Il faut avoir l'esprit bien tordu, et une esthétique relevant d'un système préformé, il faut avoir une imagination échevelée mais morbide, pour imaginer le héros de SARTRE. Qui n'a jamais VRAIMENT rêvé, comme les collectionneurs chinois, devant la racine d'un arbre abattu par la tempête ? Qui n'a pas plongé en esprit, à la vue d'un galet, dans ces moments immémoriaux où la terre en gésine donnait naissance aux roches et à l'océan qui les polirait ? Il faut avoir une perversion du goût incroyable pour faire de ROQUENTIN un modèle. Il faut faire violence à ses émotions. Dans cinquante ans, on en sourira, (comme on se posera de sérieuses questions sur le nouveau roman qui relève du même esprit de système). Comme si la beauté ne résultait pas d'un accord subtil et secret entre la nature et l'homme, fruit d'un long commerce, d'une longue patience, et d'une active sympathie ?

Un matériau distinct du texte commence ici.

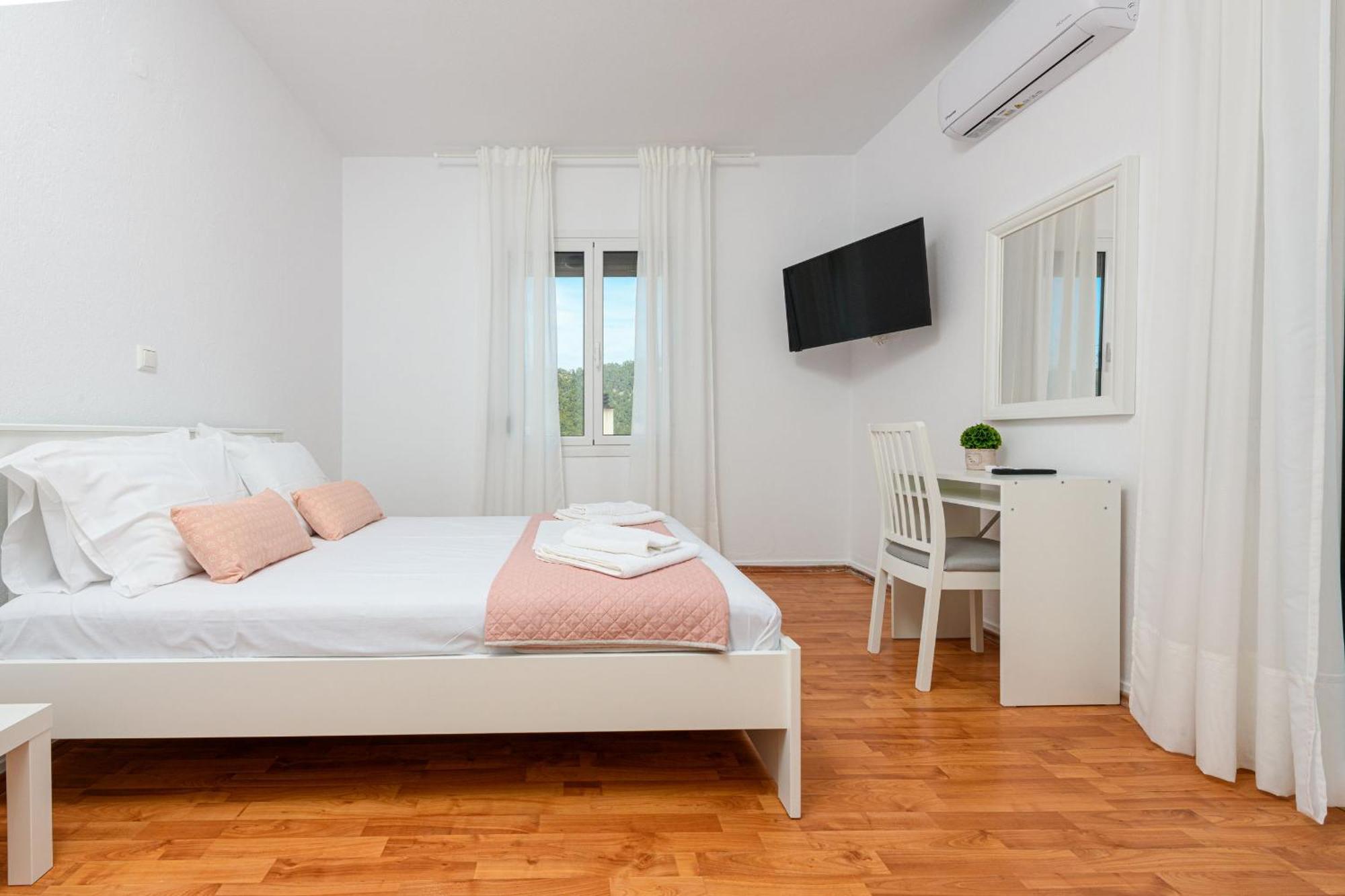 Whitegold Apartments Panagia Панагия Екстериор снимка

On en revient toujours à ce que je disais hier dans mon billet : ce prurit de nouveautés qui reposent sur les nuages des idées, au lieu de s'émouvoir au contact du réel et des sentiments qu'il suscite en nous, pousse l'occident dans une impasse dont il ne sortira que par sa conversion (un retour à ses racines) ou par sa disparition.